Today, I visited my stockbroker to collect a check from selling Kenya Airways stock that I got in their IPO 10 years ago. I found that the place was even more crowded by people opening CDS accounts, and most of the people coming in from downstairs were all asking watchmen and clerks, “Where do I register for the Kengen IPO?”
The lobby has several annual reports for people to peruse, one of them being the Kenya Airways annual report & accounts from 1996, and which I found to be a nice read. Some highlights;
- 1996 was a momentous year, in which KLM had bought 26% of the airline (Dec ’95) after which the Government sold a further 51% to both Kenyan and overseas investors.

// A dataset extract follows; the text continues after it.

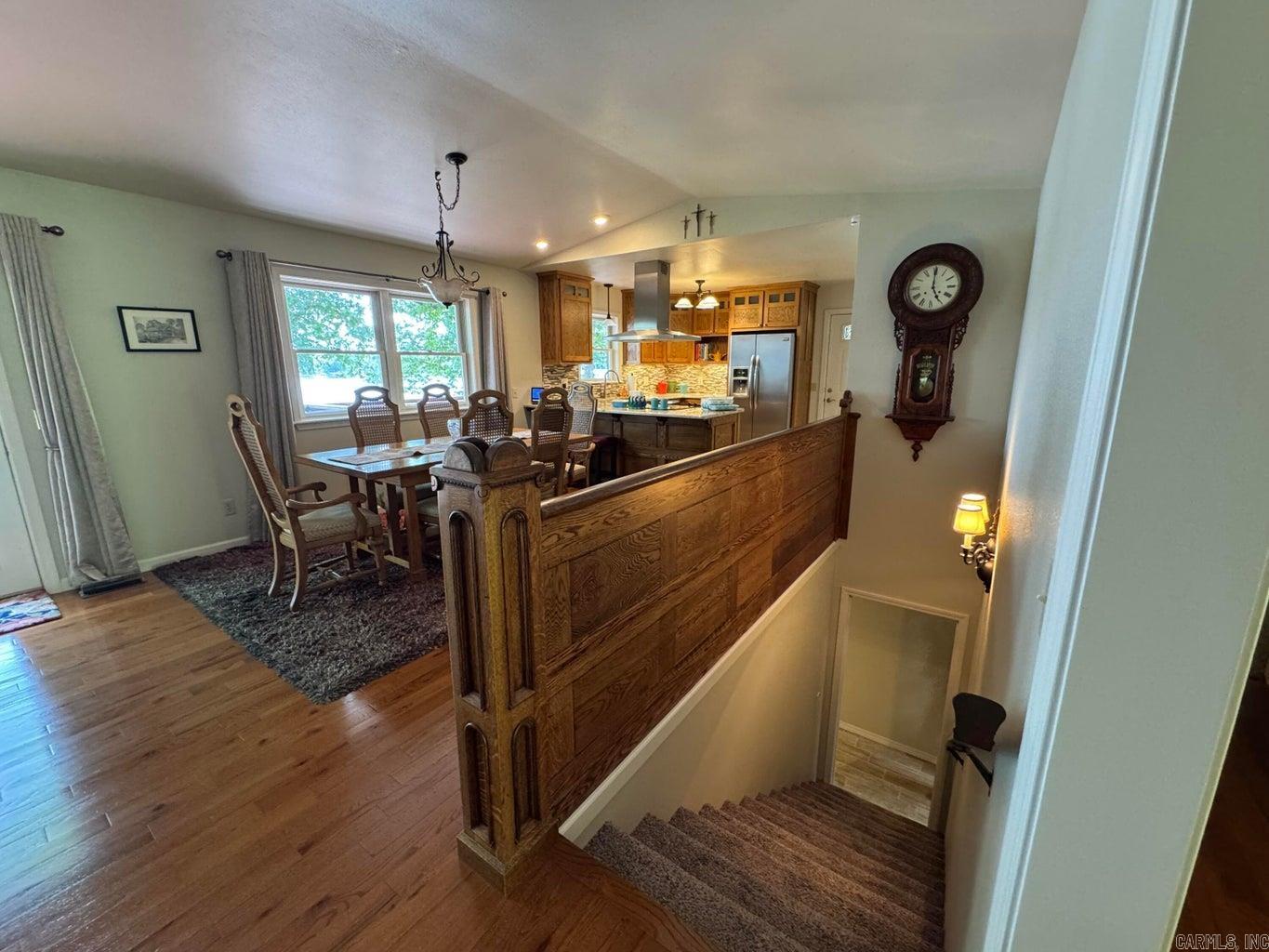 404 Isabelle Lane Horseshoe Bend, AR 72512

- KQ was K7: Kenya Airways was and still is branded the “PRIDE OF AFRICA”
- Turnover for the year was 10 billion shillings, and after-tax profit was 1.5 billion. This was down from 2.2 billion the year before and was largely attributed to an exceptional payment of 411 million to settle pilot salary arrears.
- Employees were each given 1,000 shares alongside a subsided loan scheme to enable them to buy more shares- resulting in k7 employees owning 3% of the company.
- Isaac Omolo Okero was chairman of a board that included, among others, Benjamin Kipkulei, Amos Wako, Hosea Kiplagat, Stanley Murage and the late Phillip Ndegwa who had passed away in January 96.
- Effects of the gulf war were subsiding and Sub-Saharan economies were projected to grow at 7% over the next five years.
- Issues of concern at the airline were punctuality (K7 trumpeted that “punctuality improved to reach its target of 90% of flights departing within 15 minutes of schedule) and passenger complaints (“There was a 20% reduction in pax complaints from the year before”).
- In IT, K7 was working to switch to KLM computer check-in systems by December 1996. Also, to improve customer service, new telephone PABX systems had been installed at Nairobi and Mombasa airports to take advantage of a new fibre-optic link installed by KP&TC. Also, all switchboard personnel had been trained in customer service and the number of staff answering calls had been increased.
- Kenya Airways frequent flyer program or Msafiri had 765 members.
- Two 737-700 had been ordered to cater for regional expansion services and which would replace 737-200. The premier class cabins of the Airbus planes had been expanded form 12 to 18 seats and a new in-flight entertainment system had been installed, mainly to serve the Heathrow – Nairobi route where K7 was the only airline offering non-stop service.